Despite the recent economic volatility and liquidity pressures, the NBFI sector has demonstrated remarkable resilience, supported by a more stable macro environment, improved collections, stronger liquidity buffers and a renewed focus on sustainable credit growth.
The direction is shifting towards quality over quantity. The Central Bank of Sri Lanka’s emphasis on consolidation, governance and capital adequacy is steering NBFIs towards a leaner, robust and transparent system.
Institutions that embrace digital transformation, prudent risk management and disciplined growth will emerge stronger while those that delay the inevitable will struggle to remain competitive.
Q: The Central Bank’s consolidation road map has placed strong emphasis on stability and governance. How should financial institutions prepare for the next phase of regulatory tightening?
A: The next phase will require proactive transformation rather than reactive compliance; and to this end, institutions must prepare in three core areas.
First, capital strengthening is essential – through retained earnings, efficient balance sheet structuring and diversified funding sources – to meet rising regulatory thresholds.
Second, governance and risk culture must evolve beyond checklists with deeper board oversight, stronger audit functions, independent risk committees and a more embedded culture of accountability.
And third, digital compliance and data accuracy will be critical, as regulators expect real-time tech driven reporting supported by upgraded core systems, improved data integrity and automated processes. Institutions that align early with regulatory direction will transition smoothly and strengthen market confidence.

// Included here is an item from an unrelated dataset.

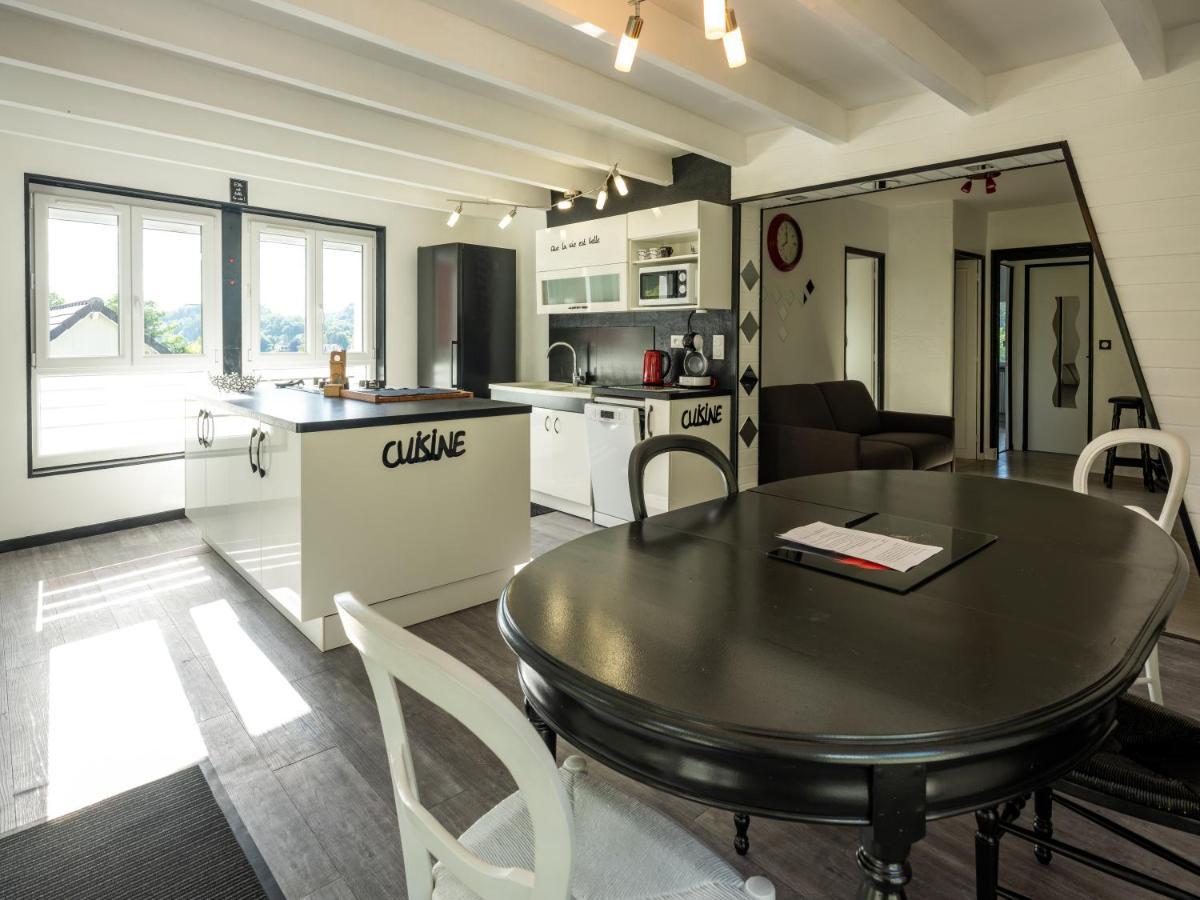 Villa Stunning 4-Bed House In La Bourboule Exterior foto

Q: What challenges and opportunities do you foresee for mid tier NBFIs as the sector moves towards mergers, capital strengthening and improved asset quality?

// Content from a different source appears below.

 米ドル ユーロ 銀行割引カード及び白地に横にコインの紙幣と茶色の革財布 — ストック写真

A: This phase is characterised by a survival of the fittest dynamic for mid tier players. Key challenges include the inability to raise mandated minimum capital independently, the high costs of non-performing loan (NPL) management, provisioning and technology upgrades, and the cultural and systemic integration risks of mergers.

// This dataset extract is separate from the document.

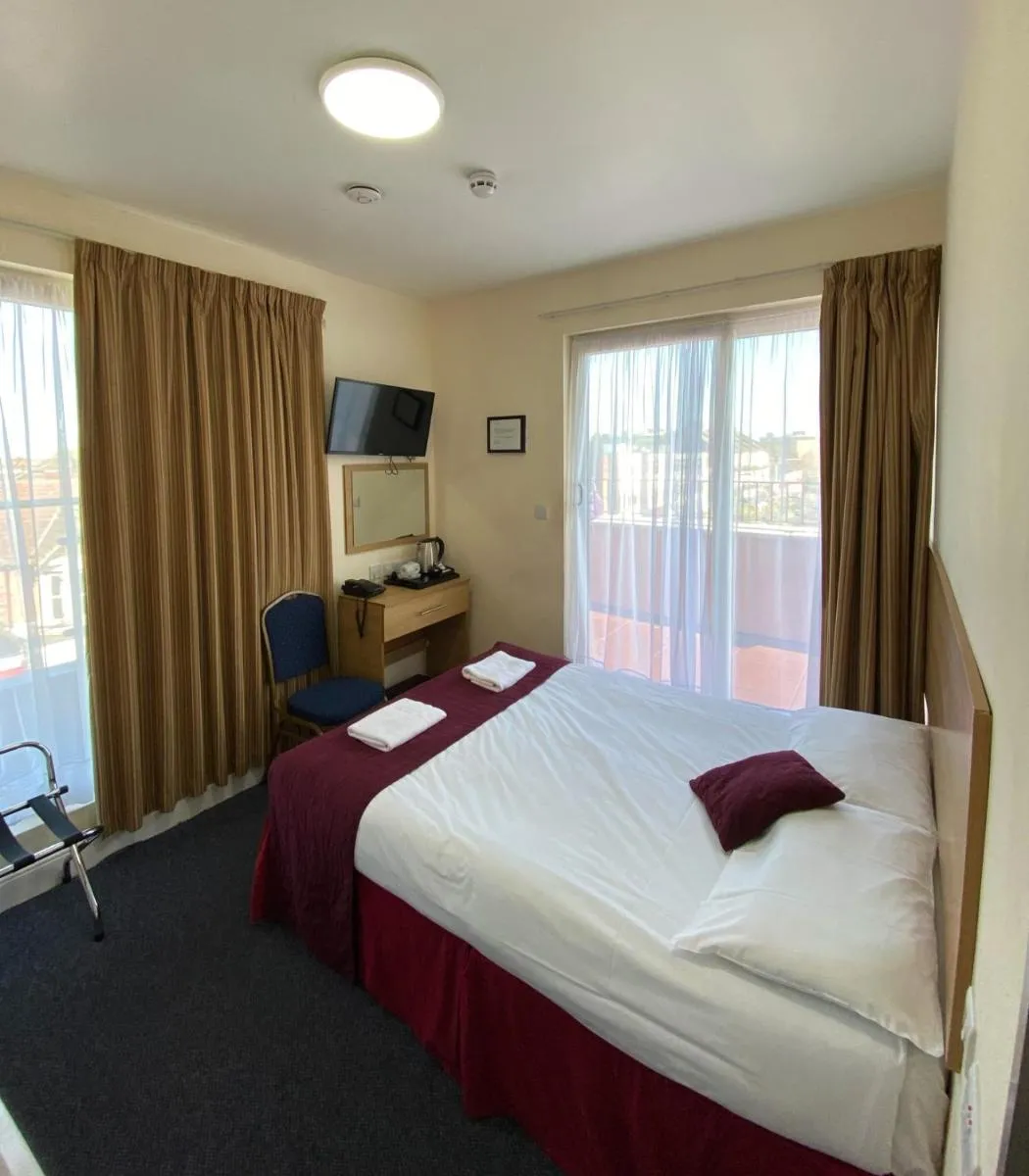 Image 4 of PremierLux Serviced Apartments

However, successful amalgamations present strong opportunities: greater scale, improved access to capital and operational synergies. A combined entity gains a more diversified loan book, cheaper institutional funding and enhanced public confidence, positioning it for growth in a recovering credit market.
Institutions that combine capital discipline, digital agility and strong governance will be best placed to rise into the sector’s upper tier.
Q: How important are governance, compliance and risk management in building long-term resilience for financial institutions?
A: They are fundamental – recent years have underscored that financial resilience depends not merely on profitability but trust and discipline.
Governance provides direction and ensures ethical, sustainable decision making; compliance safeguards institutional integrity and regulatory confidence; and risk management balances growth with prudence, preventing asset deterioration and liquidity stress.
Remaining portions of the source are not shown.